Under Johnson, China had been categorised as a “systemic competitor” but the new prime minister, Liz Truss, wants to take a more hawkish stance quickly, as she seeks to shore up support for her faltering premiership on her backbenches.
The redesignation will bring the UK’s official position towards China close to its stance on Russia, currently classed as “the most acute threat” facing the UK. But it is almost certain to provoke a hostile reaction from Beijing.
It had been intended to complete the policy rewrite at the end of the year, but sources said a special China strategy review was now being brought forward after the Department for Education was forced into a climbdown by No 10 over the weekend after expressing support for China’s Confucius Institutes. One insider said the change could come “within days”.
Influential Conservative backbenchers on Tuesday night welcomed the anticipated move. Iain Duncan Smith, who is campaigning to be chair of the foreign affairs select committee, said a hardening of the UK’s China policy was long overdue.
“It is time we stopped messing around and recognised that China poses a threat to the way we live our lives, and it is time now to treat them in the same way we treat Russia,” the former party leader said.
The DfE had issued a statement expressing support for China’s 30 Confucius Institutes, which promote the teaching of Chinese language and culture in the UK – only for Downing St to demand it made a firmer response.
The revised statement said the “UK government is committed to doing more to adapt to China’s growing impact” and encouraged anybody with concerns about any of the Confucius Institute’s activities to report them.
A report by the Henry Jackson Society thinktank had concluded most of the institutes were engaged in activities beyond their formal remit, including political lobbying and expanding China’s reach into advanced manufacturing.

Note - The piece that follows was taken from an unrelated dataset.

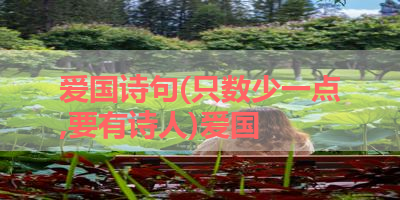 爱国诗句(只数少一点,要有诗人)爱国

Truss has adopted a hawkish stance on China for some time – at one point leading opposition within the cabinet to TikTok moving its global headquarters to London – but her predecessor in Downing St was insistent on a more nuanced approach.
In a private meeting Johnson once described himself as “fervently Sinophile”, a position out of kilter with many on the Conservative benches, who have been lobbying for a tougher approach for the fast few years.
Britain’s stance towards China has swung dramatically in less than a decade, from the “golden era” proclaimed by David Cameron in 2015, the year in which its president, Xi Jinping, was granted a state visit to the UK. Beijing signalled it was keen to invest in strategic industries in Britain, such as nuclear power.
But as Xi adopted a more authoritarian tone at home, concern among Conservatives grew, fuelled further by the desire of both the Trump and Biden administrations in the US to strike a more assertive approach in their dealings with Beijing.
Pressure from the US and Conservative MPs had forced Johnson into a U-turn over Chinese telecoms equipment supplier Huawei in July 2020 over 5G. Huawei kit was banned from UK networks from 2027, although it was accompanied by a warning that this would delay 5G rollout by three years and cost an extra £7bn.
The previous definition of China was contained in the Integrated Review of defence and foreign policy published in March 2021, which sought to balance concerns about China’s authoritarian government with the need to collaborate on economic and climate issues.
It was intended to set the tone for Britain’s global strategy for the next five years, but like many Johnson-era policies has been rapidly recast by Truss in her first weeks in government.
Downing Street said the prime minister had commissioned an update to the Integrated Review partly in response to an increasingly aggressive China. “As she has said, Russia remains the biggest threat to the UK but China represents the most serious long-term threat to our values and way of life,” a spokesperson added.
Earlier on Tuesday Jeremy Fleming, the head of spy agency GCHQ, said Beijing’s efforts to exploit control and surveillance capabilities in emerging technologies such as satellite location systems and digital currencies represents “a threat to us all”.